The collaboration included Wellcome Sanger Institute, Broad Institute of MIT and Harvard, Big Data Institute at the University of Oxford and Oregon Health & Science University.
The study, published in Nature, looked at 47 million genetic changes in more than 2,500 human tumours, across 38 cancer types.
By looking at how many times a single change had been replicated and copied across chromosomes, the researchers were able to determine the order in which they happened and the relative timing between them.
Using this method, they found that just over 20% of mutations can be considered early events in a tumour's development, with some of these changes taking place years, even decades, before the cancer is found.
Of these early mutations, half fall within the same nine genes, meaning there is a small number of genes that are common drivers of early cancer development.
"We've developed the first timelines of genetic mutations across the spectrum of cancer types. For more than 30 cancers, we now know what specific genetic changes are likely to happen, and when these are likely to take place. Unlocking these patterns means it should now be possible to develop new diagnostic tests, that pick up signs of cancer much earlier," says Peter Van Loo, co-lead author and group leader in the Cancer Genomics Laboratory at the Crick.
As cells in the body grow and divide, errors can be introduced in their DNA.
While most of these changes do not significantly alter our cells, some are harmful and are associated with the formation and growth of tumours.
These DNA errors continue to accumulate in cancerous cells, so a tumour can ultimately be made up of cells with many different genetic mutations.
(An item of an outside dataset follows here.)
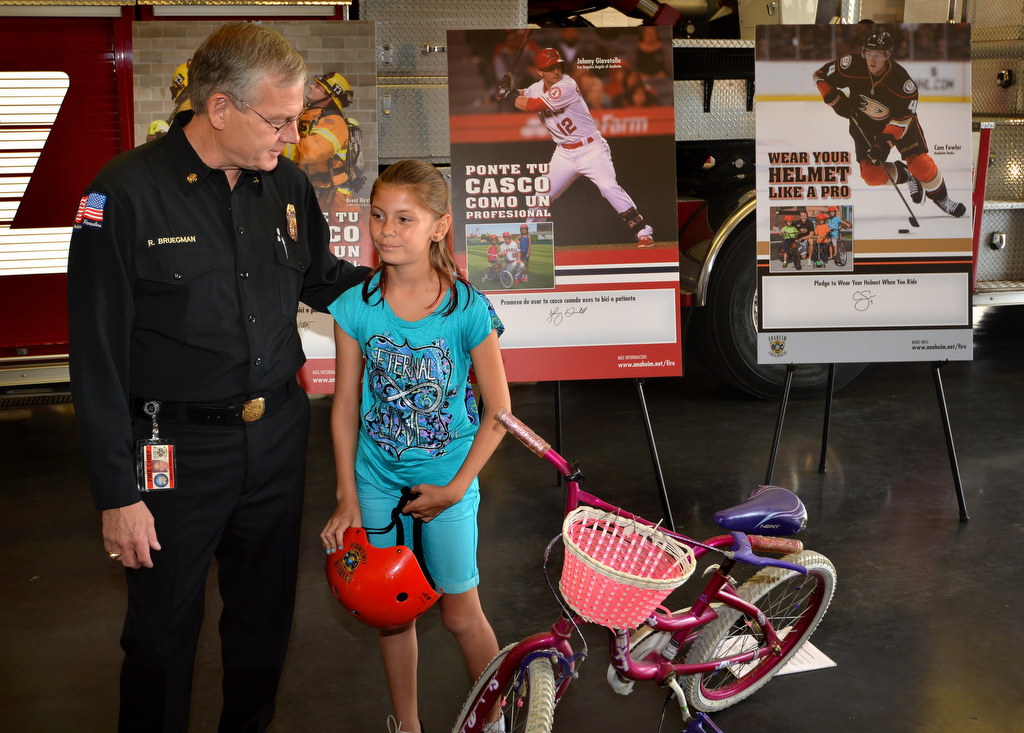 Anaheim Fire & Rescue Chief Randy Bruegman with 10-year-old Morgen Alvarez of Anaheim during a press conference on bicycle helmet safety and the campaign called Wear Your Helmet Like A Pro that includes the design of the safety posters behind them. Photo by Steven Georges/Behind the Badge OC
"We have learned that cancer is the endpoint of a lifelong evolutionary process that drives our cells. This process is fuelled by mutations in the cells' genomes," says Moritz Gerstung, co-lead author and Group Leader at EMBL's European Bioinformatics Institute (EMBL-EBI). "These mutations occur as we age. Usually, there are no consequences to these mutations, but sometimes, the consequences can be dramatic. This process usually culminates within the decades prior to cancer diagnosis, but in some cases, we have been able to identify alterations as old as the patient."
The research identified cancer types in which mutations tend to happen particularly early, for example, ovarian cancer and two types of brain tumours, glioblastoma and medulloblastoma.
It also revealed the specific changes that are likely to happen early in each of the more than 30 cancer types.
One of the most common early changes in many cancers, including ovarian cancer, affects a gene called TP53.
In glioblastoma, an extra copy of chromosome 7 is very frequently gained early, while for pancreatic neuroendocrine cancer a number of chromosomes are lost in the initial stages of tumour development.
"What's extraordinary is how some of the genetic changes appear to have occurred many years before diagnosis, long before any other signs that a cancer may develop, and perhaps even in apparently normal tissue," says Clemency Jolly, co-lead author and PhD student in the Cancer Genomics Laboratory at the Crick.
In a separate paper from the international consortium, also published in Nature, Crick researchers identified the cancers that are likely to have many different mutations enter their DNA at the same time, as well as the timing of these events and the genes likely to be affected.
For example, 22% of the 2,500 tumours studied were found to have experienced an event called chromothripsis, where a DNA strand breaks in many places at once and the pieces are rearranged incorrectly.
This process was found to be an important and critically early event in the evolution of most cancers, particularly in melanomas.